**Exercise instructions:** Look below for the line with "Держатель-зажим соединительный круглого" and the line with "Bata Kimono Algodón voladitos"; repeat exactly those two lines and all lines between them, but no pictures.

**Information provided:**
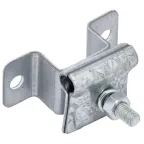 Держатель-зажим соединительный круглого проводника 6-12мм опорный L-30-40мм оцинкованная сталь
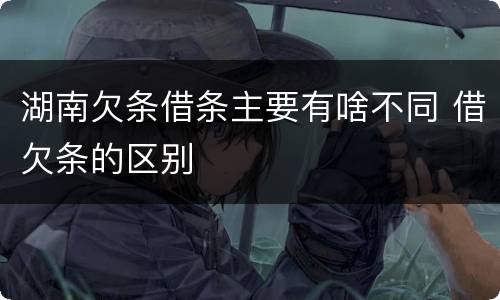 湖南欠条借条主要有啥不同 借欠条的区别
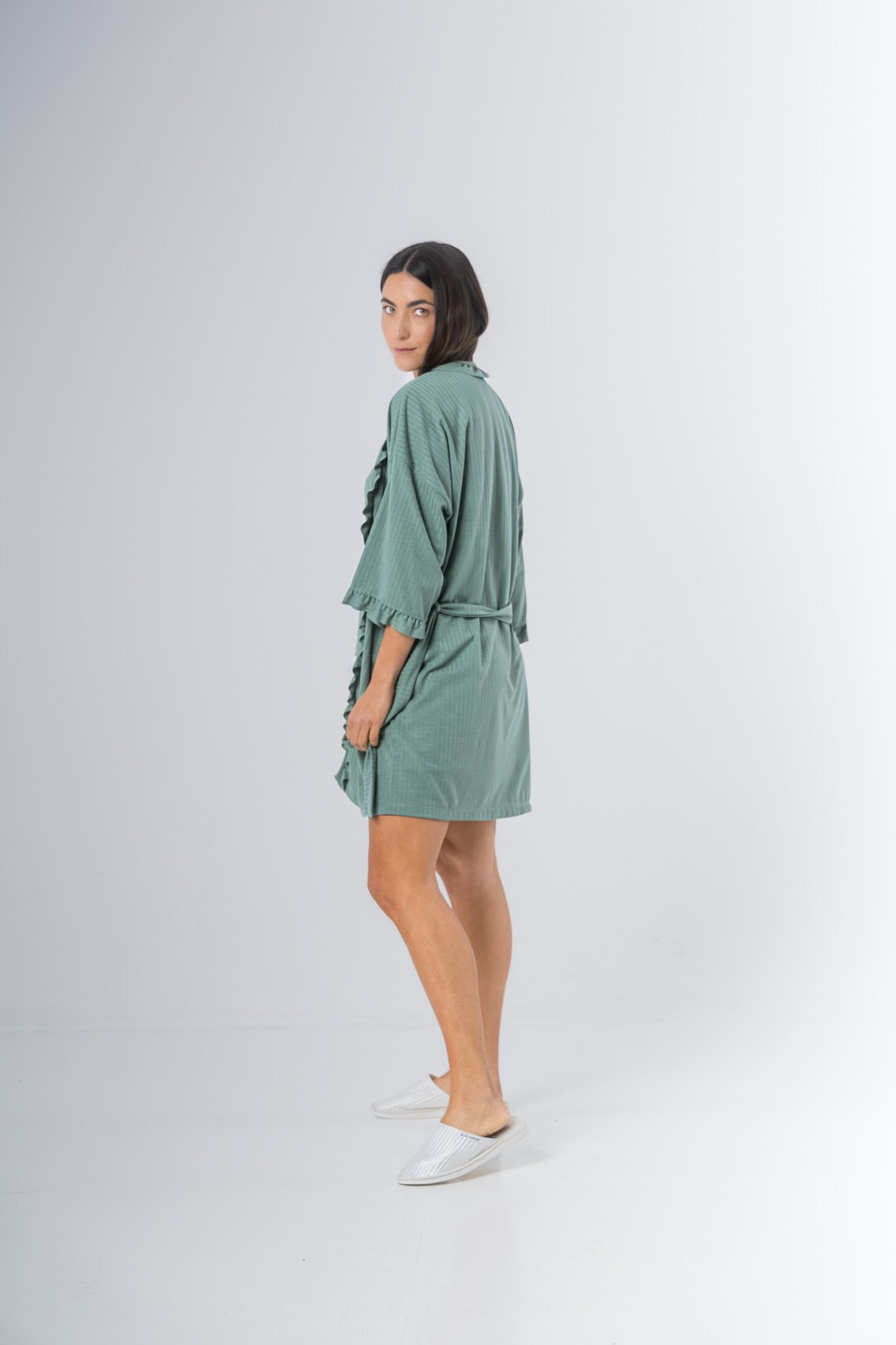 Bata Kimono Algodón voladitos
--
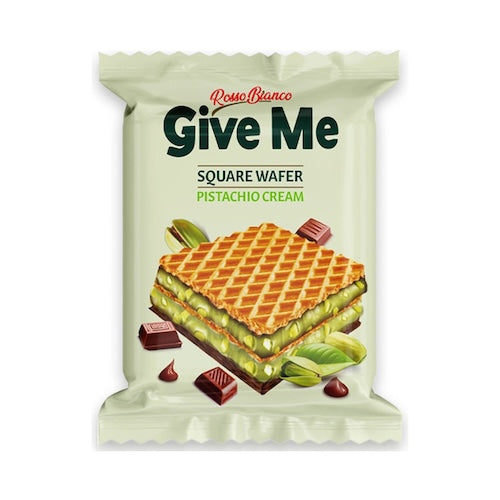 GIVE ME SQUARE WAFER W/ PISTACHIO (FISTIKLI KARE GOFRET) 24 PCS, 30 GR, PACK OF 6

**Expected output:**
 Держатель-зажим соединительный круглого проводника 6-12мм опорный L-30-40мм оцинкованная сталь
 湖南欠条借条主要有啥不同 借欠条的区别
 Bata Kimono Algodón voladitos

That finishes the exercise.